> _RECORDED DATA_
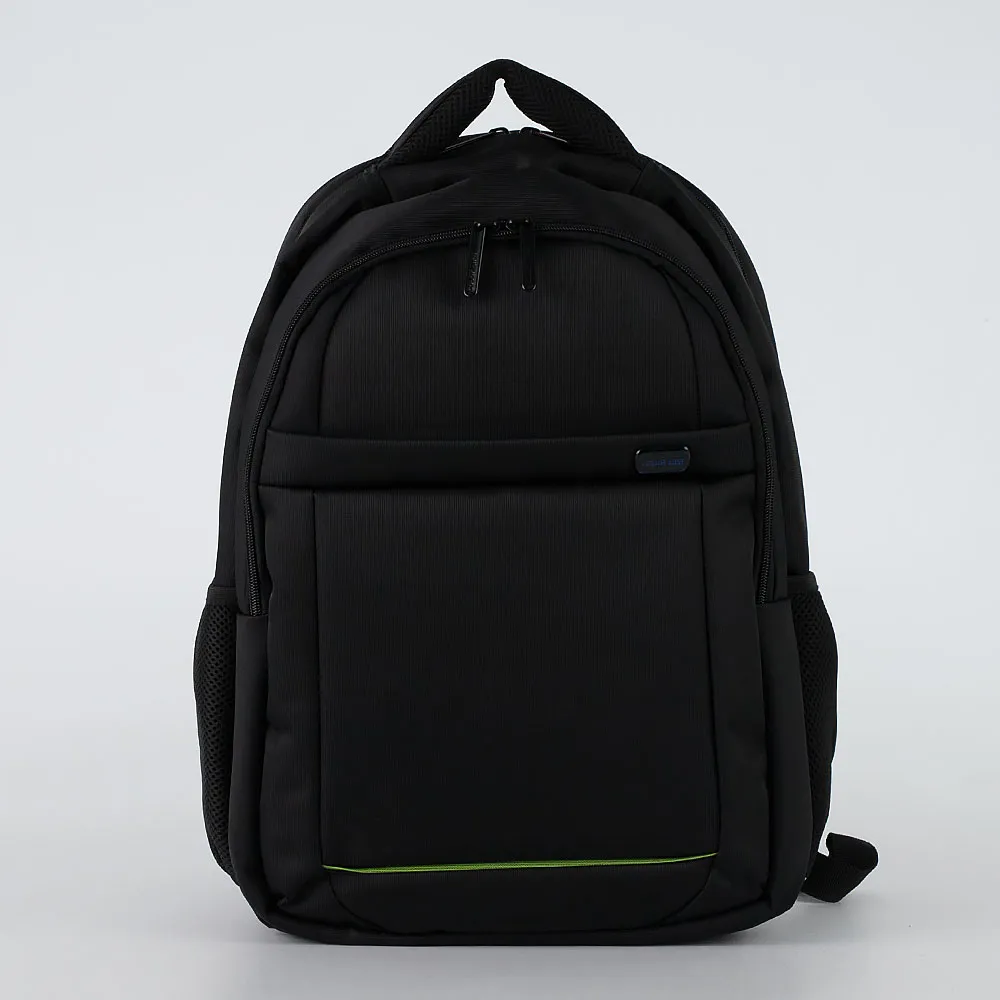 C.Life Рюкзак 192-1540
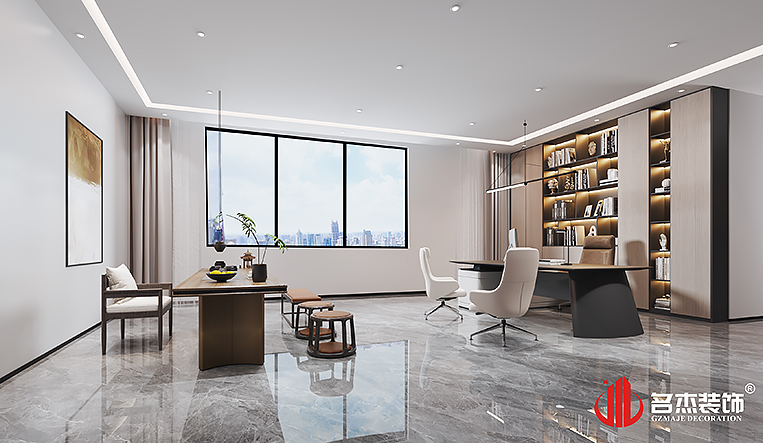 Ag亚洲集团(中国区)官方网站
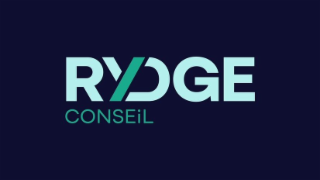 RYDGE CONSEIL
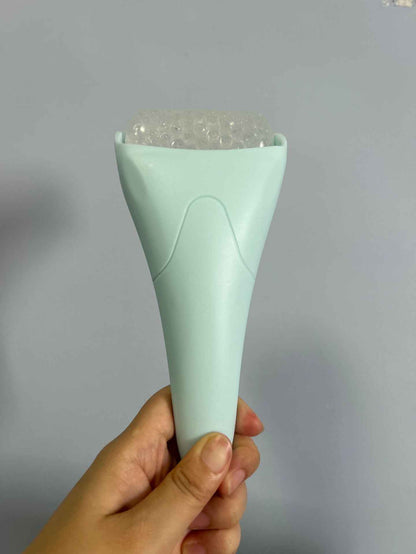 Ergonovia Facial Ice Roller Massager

> _THE TASK_
Word-for-word restatement: every line from the one with "Ag亚洲集团(中国区)官方网站" through the final line of the data, both ends included, pictures excluded.

> _THE ANSWER_
 Ag亚洲集团(中国区)官方网站
 RYDGE CONSEIL
 Ergonovia Facial Ice Roller Massager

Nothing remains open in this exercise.